Living along the borders

The Ladies Who Lunch were The Ladies Who Brunch yesterday. We were a small group, only four, because three of the group are traveling. Two are on pleasure trips, and the third is headed to New Mexico for an uncle’s funeral. We changed our time to meet because one of the gals needed to drive to Los Angeles to be with her parents who are in declining health. An older sister is making the big move into the parents’ home to be there for them, something my friend cannot do. These are the border years.

For most of our life, we have all been busy with raising our children, going to our jobs, taking part in the community. The heart of life. Now, though, in retirement, we are seeing the borders of life. Being available to care for grandchildren. The decline, and eventual death of parents. A series of health problems that limit activities. The border activities that we never noticed when we were in the heart of life, busy, successful, creative. Care-giving, decline, illness, loss, fill in the days. Concerns for what the future will hold take precedent over our accomplishments. As we live along the borders, there are fewer successes.

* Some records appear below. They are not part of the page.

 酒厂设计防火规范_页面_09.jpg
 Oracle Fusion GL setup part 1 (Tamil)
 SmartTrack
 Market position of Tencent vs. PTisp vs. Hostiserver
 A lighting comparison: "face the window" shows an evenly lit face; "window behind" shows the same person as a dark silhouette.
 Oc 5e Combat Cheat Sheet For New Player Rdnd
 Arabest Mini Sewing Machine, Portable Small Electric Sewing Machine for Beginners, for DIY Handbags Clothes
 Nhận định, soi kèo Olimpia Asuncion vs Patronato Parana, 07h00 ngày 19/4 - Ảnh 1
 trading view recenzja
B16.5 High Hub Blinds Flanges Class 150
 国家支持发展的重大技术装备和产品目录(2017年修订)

We find delight in small pleasures, like a couple of hours spent with friends over good food. We commiserate with one another about the trials of the border life. We recollect our memories of those inland years, so busy, so productive. We share many of those memories. Now we tread carefully towards the borders where we’ve not been before. A few have gone ahead and tell us what they have seen. We will need energy and stamina, but those seem less and less as we reach the border.

We cannot turn back. We will share our experiences. We will continue to encourage one another.  Together we will find our way along the borders.

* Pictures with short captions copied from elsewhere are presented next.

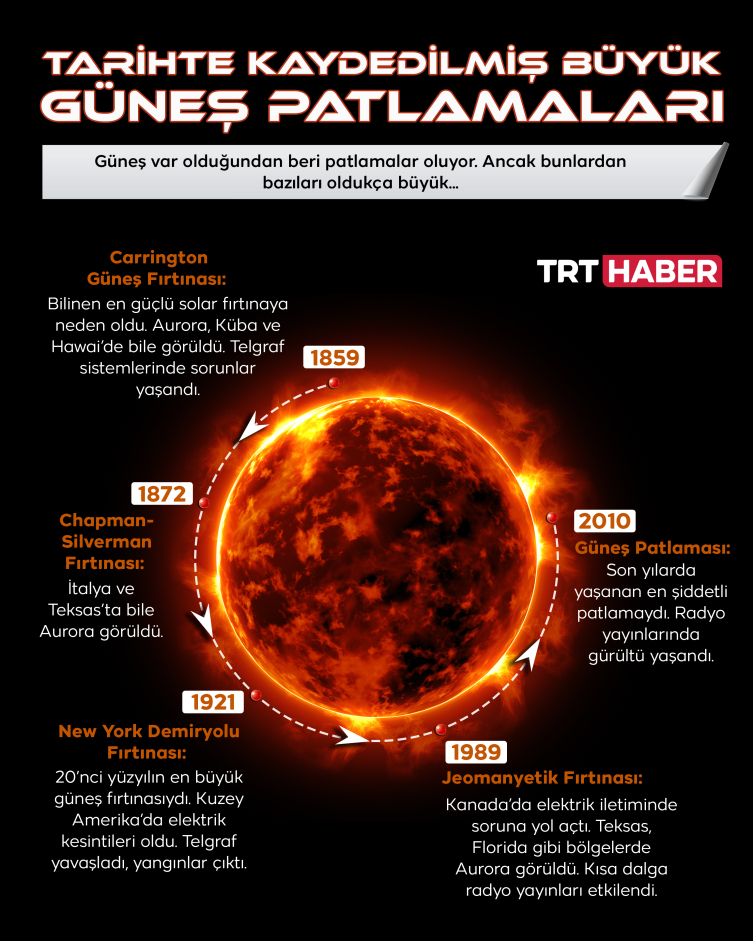 Güneş neden patlamıyor? - Kapak Görseli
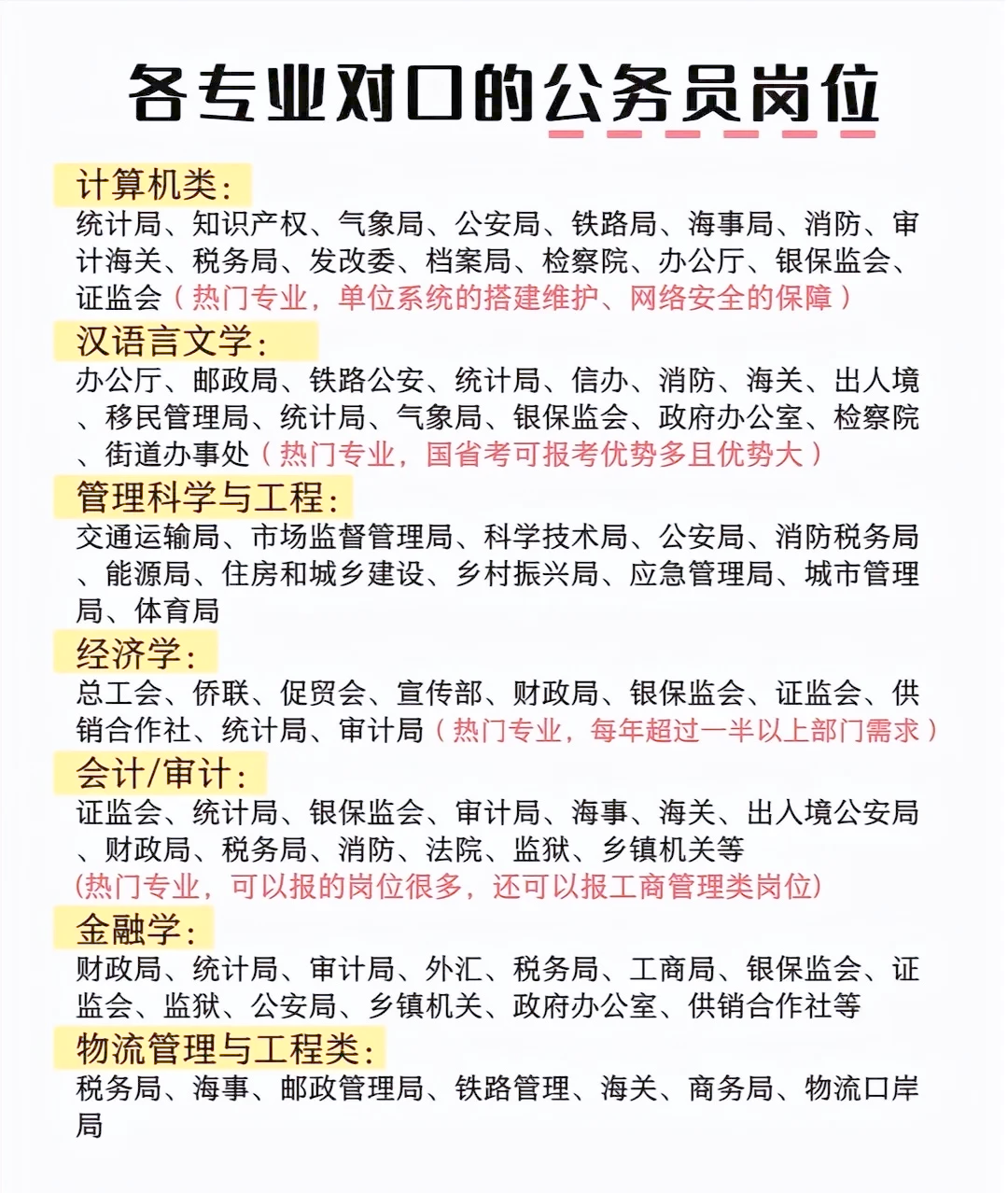 公务员财政类包括什么专业(公务员财政类包括什么专业类别)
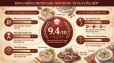 C&ocirc;ng Thức Nấu Ăn Chuẩn Vị Việt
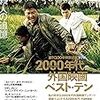 2000年代外国映画ベスト・テン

5 responses to “Living along the borders

  1. This is a timely post for me, as we are dealing with my mom’s issues now. It comes with a lot of family conflict, we need strength going forward, energy and stamina as you said.

  2. Interesting to think of living on the borders. I haven’t looked at it quite that way. I have no children, and my husband and I are each other caretakers, for as long as we can do it. I also take much pleasure in my other retired friends. 🙂

  3. With your permission I think I’ll be adding the term ‘border years’ to my vocabulary.

    • It’s funny how the term came to me. We talked at that brunch about how life moves from all things being fine to things being different, like living in a different country. That night I kept replaying our conversation and the term “living at the border” kept coming to mind.